■ INPUT DATA ■

────────────────

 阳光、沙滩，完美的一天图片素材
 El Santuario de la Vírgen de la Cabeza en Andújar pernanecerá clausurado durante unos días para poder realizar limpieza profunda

────────────────

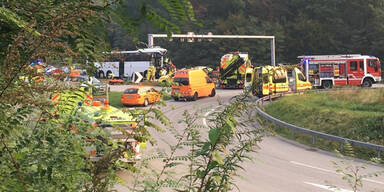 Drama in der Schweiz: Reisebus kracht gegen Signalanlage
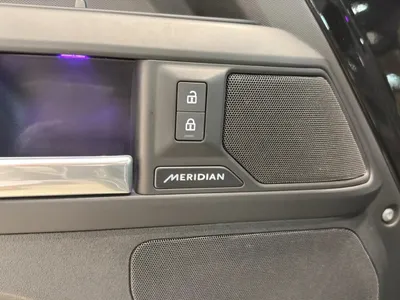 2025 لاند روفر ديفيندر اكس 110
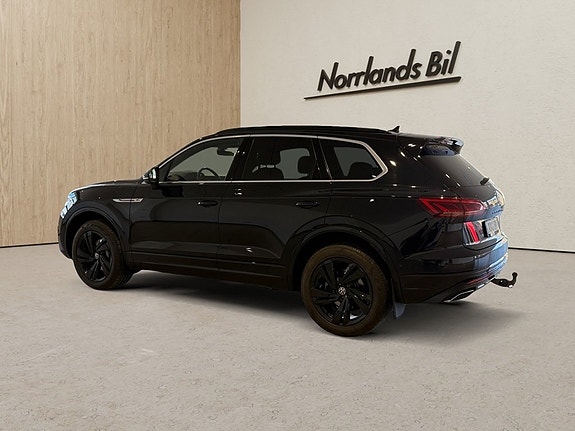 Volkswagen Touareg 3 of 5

────────────────

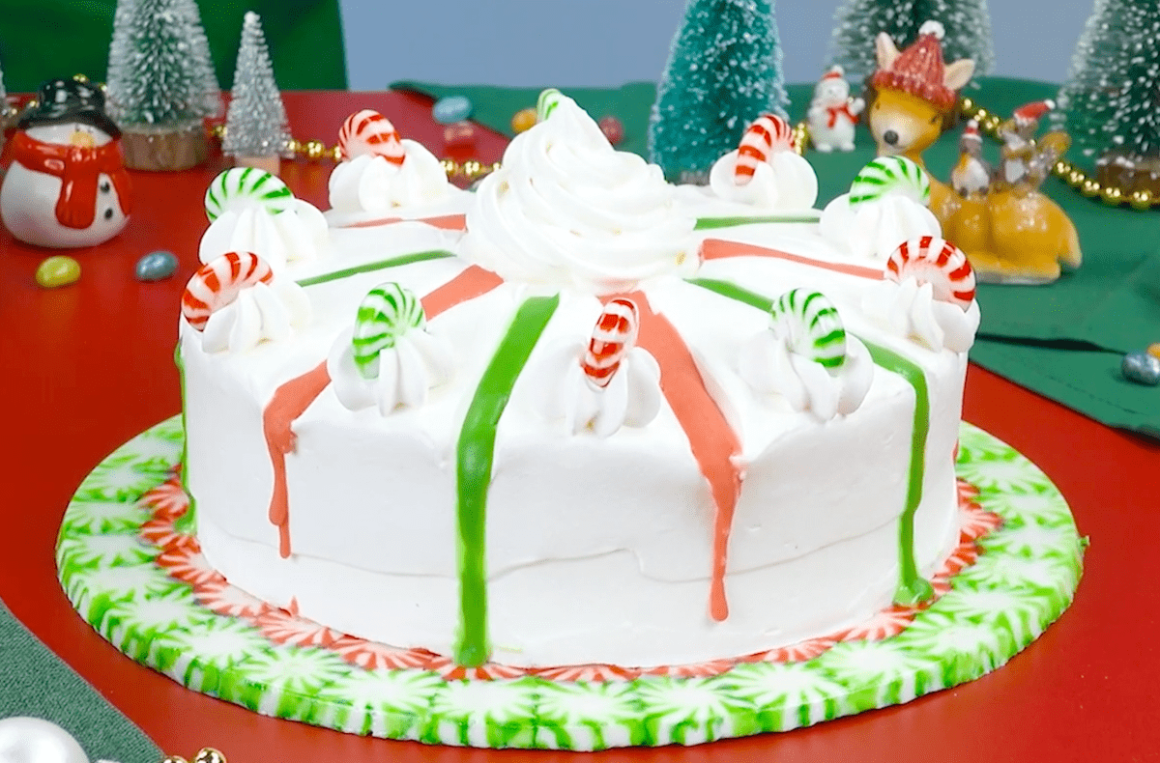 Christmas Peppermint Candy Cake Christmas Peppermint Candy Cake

────────────────

■ WHAT YOU ARE ASKED TO DO ■
From the records above, print only the lines between the one holding "阳光、沙滩，完美的一天图片素材" and the one holding "El Santuario de", inclusive, exactly as they stand.

■ RESPONSE BELOW ■
 阳光、沙滩，完美的一天图片素材
 El Santuario de la Vírgen de la Cabeza en Andújar pernanecerá clausurado durante unos días para poder realizar limpieza profunda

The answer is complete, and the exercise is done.